| Task objective |
In the listing that follows, count each line where the word "Holiday" appears; write nothing but the count.

| Supplied information |
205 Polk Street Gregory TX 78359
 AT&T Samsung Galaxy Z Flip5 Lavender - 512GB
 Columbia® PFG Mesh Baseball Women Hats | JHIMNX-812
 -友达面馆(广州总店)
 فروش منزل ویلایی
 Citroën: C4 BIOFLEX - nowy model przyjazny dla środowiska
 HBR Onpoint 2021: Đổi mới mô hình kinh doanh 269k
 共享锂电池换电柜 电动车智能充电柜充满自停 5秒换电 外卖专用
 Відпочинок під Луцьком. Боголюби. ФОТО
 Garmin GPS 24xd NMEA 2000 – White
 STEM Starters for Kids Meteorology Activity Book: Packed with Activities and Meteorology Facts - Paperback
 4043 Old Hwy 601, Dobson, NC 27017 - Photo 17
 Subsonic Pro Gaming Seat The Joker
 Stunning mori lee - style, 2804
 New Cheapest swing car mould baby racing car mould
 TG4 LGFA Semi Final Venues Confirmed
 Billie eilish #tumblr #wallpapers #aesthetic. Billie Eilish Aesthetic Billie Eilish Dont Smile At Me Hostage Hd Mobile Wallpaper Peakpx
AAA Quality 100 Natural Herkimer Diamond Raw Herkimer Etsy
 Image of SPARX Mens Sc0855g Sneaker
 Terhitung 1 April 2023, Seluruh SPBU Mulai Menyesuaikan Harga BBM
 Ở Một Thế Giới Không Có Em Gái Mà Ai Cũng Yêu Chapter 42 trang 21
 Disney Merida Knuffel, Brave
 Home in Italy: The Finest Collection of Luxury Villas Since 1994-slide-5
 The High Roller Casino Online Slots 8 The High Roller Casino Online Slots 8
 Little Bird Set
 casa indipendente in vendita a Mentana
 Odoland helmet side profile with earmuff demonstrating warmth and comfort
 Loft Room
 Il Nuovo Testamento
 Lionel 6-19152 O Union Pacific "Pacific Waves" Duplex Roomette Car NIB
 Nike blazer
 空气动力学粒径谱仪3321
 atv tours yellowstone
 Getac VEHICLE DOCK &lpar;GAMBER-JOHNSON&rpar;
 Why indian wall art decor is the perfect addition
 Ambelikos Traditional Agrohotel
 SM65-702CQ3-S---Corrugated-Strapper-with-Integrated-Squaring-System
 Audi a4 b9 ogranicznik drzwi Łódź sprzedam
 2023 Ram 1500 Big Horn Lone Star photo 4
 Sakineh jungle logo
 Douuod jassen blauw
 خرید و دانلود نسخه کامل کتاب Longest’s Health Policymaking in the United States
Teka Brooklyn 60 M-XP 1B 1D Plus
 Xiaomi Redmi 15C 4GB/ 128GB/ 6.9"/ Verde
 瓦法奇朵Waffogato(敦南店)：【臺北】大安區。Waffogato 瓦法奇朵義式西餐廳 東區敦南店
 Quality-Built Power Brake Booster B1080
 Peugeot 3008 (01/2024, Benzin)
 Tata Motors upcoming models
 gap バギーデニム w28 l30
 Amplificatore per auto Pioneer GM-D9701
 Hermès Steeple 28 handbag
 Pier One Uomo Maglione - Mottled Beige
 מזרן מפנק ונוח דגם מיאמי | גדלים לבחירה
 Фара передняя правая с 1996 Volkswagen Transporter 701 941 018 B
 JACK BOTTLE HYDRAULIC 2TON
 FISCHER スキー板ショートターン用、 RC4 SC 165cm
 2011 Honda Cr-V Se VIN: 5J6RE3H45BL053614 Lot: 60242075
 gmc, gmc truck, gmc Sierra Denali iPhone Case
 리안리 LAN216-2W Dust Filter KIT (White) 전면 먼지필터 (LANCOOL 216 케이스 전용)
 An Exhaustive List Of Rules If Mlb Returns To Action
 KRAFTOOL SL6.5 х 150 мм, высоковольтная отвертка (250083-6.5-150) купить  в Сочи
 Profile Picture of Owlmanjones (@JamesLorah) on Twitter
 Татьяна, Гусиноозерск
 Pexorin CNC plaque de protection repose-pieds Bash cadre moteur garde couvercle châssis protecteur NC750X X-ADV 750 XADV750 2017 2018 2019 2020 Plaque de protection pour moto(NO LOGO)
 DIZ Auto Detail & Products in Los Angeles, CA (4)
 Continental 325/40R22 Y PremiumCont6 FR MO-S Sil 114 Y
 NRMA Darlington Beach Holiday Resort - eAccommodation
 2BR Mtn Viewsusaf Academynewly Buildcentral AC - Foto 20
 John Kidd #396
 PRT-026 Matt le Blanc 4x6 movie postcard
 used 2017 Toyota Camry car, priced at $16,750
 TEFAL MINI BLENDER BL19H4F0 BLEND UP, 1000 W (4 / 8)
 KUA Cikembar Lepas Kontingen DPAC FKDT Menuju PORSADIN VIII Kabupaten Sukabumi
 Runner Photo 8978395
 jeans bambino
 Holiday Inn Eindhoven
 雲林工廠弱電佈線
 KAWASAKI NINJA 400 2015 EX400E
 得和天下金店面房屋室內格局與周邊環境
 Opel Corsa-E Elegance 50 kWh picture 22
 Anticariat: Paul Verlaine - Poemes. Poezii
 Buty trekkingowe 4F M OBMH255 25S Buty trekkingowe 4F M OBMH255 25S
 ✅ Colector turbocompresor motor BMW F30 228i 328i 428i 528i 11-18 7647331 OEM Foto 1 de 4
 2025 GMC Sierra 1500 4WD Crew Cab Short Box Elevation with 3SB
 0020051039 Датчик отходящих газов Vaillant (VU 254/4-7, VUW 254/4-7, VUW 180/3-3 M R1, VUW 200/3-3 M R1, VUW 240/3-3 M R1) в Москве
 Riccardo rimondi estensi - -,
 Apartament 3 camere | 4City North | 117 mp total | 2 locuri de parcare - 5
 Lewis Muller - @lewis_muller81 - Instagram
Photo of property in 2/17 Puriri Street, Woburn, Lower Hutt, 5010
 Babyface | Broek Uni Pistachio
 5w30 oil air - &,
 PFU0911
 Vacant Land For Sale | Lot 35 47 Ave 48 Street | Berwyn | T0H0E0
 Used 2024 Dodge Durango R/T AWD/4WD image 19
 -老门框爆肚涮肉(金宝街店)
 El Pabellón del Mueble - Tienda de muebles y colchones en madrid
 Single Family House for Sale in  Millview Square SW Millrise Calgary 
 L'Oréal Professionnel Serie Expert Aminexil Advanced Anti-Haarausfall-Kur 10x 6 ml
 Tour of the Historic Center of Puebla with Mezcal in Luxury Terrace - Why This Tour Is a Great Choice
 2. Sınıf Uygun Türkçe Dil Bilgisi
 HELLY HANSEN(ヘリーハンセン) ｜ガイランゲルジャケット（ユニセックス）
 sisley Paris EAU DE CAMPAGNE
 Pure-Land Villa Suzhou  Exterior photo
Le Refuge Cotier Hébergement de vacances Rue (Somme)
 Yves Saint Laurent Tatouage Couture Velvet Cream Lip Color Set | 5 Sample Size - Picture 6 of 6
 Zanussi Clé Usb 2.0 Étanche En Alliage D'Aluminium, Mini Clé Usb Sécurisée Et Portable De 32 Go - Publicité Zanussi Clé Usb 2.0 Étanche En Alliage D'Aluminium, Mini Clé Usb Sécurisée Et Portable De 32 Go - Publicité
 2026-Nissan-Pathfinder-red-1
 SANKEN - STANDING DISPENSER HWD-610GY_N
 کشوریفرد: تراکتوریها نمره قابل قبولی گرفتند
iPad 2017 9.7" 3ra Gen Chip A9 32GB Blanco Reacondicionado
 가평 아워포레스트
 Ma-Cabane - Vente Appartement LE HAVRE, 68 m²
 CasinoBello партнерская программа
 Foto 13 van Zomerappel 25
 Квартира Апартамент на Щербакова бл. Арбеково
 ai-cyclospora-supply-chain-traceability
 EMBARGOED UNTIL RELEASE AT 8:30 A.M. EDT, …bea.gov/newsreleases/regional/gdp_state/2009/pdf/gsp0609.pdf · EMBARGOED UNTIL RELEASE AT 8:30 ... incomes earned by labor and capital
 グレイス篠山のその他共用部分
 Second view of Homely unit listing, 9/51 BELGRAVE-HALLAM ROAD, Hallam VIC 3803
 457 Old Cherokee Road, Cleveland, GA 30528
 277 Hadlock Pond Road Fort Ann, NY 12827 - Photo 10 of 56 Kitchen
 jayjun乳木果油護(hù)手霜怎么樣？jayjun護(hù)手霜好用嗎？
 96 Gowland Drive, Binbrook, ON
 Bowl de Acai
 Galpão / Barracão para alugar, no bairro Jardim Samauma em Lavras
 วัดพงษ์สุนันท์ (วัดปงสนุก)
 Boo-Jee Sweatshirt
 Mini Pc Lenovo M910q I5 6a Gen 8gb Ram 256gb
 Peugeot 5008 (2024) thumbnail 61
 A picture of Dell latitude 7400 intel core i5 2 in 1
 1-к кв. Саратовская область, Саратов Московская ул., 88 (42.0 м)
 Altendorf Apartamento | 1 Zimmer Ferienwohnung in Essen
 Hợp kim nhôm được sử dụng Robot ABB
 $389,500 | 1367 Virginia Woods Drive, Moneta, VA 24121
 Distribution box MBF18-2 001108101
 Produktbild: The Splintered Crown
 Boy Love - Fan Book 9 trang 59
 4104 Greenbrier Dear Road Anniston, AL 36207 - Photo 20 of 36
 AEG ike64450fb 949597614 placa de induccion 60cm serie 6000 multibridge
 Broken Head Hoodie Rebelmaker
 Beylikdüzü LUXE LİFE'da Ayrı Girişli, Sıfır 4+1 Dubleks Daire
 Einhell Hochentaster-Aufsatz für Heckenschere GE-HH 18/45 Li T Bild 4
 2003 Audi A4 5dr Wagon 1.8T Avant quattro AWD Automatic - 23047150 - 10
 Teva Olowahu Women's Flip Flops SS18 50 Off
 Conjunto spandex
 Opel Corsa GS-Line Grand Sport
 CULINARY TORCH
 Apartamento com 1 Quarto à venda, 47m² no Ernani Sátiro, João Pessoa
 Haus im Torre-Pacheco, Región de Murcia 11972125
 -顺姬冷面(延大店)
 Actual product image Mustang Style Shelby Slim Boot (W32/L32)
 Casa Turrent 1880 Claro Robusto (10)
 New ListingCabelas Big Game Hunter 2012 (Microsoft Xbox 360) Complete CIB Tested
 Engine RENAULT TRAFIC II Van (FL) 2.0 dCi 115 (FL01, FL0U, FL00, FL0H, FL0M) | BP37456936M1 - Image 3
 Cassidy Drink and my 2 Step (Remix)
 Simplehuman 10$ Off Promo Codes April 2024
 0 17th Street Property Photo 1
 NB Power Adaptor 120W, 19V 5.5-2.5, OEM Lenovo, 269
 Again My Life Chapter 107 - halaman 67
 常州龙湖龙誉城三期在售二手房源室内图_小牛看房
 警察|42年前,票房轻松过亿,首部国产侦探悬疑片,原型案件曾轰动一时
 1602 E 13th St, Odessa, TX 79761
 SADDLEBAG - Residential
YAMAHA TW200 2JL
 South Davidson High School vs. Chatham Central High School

| Task response |
2